BEGIN RECORDED DATA
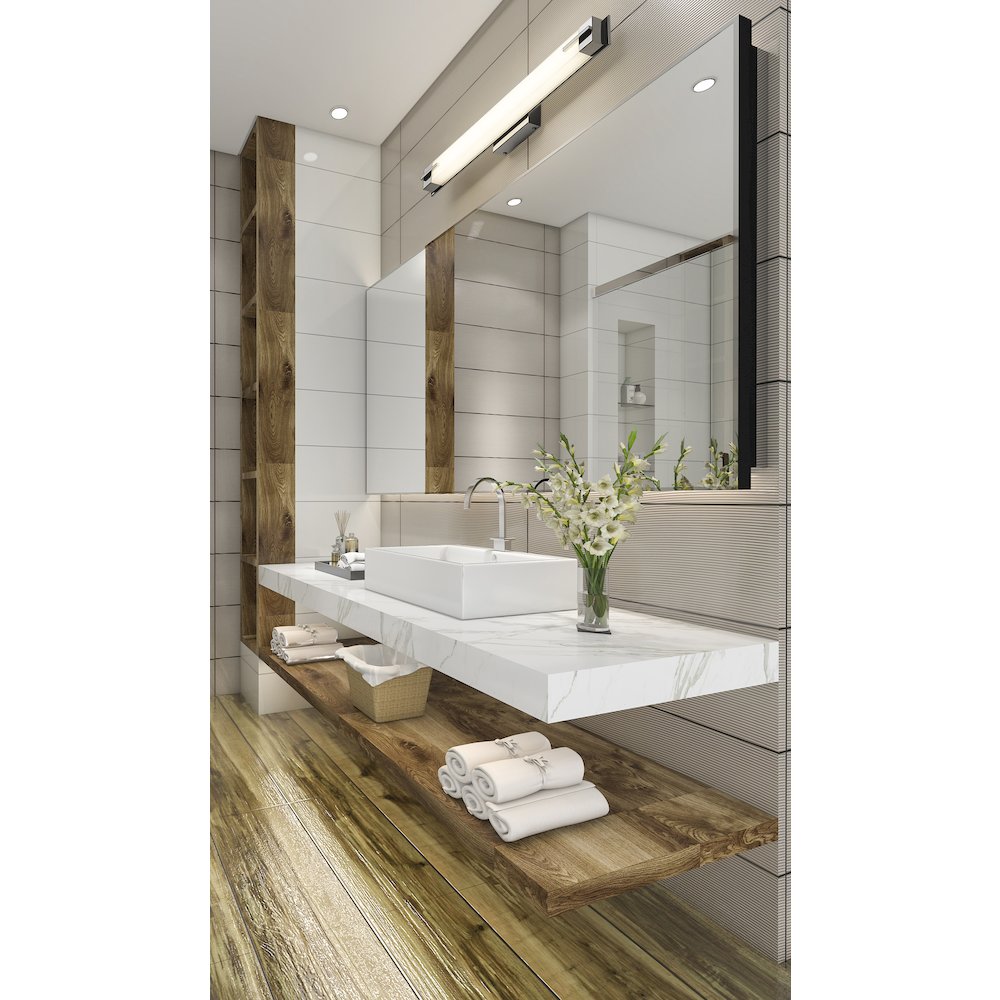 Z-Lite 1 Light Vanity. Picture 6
END RECORDED DATA
BEGIN RECORDED DATA
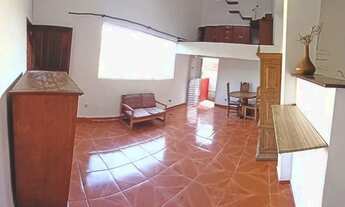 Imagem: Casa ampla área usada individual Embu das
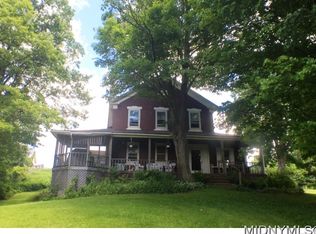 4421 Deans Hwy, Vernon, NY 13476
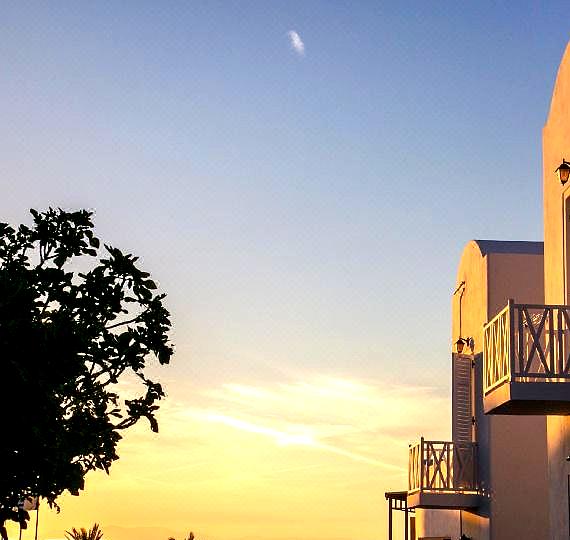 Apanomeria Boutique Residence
END RECORDED DATA
What belongs in the answer is each line above from the line with "4421 Deans Hwy, Vernon, NY 13476" to the line with "Apanomeria Boutique Residence", inclusive, reproduced exactly and free of pictures.

 4421 Deans Hwy, Vernon, NY 13476
 Apanomeria Boutique Residence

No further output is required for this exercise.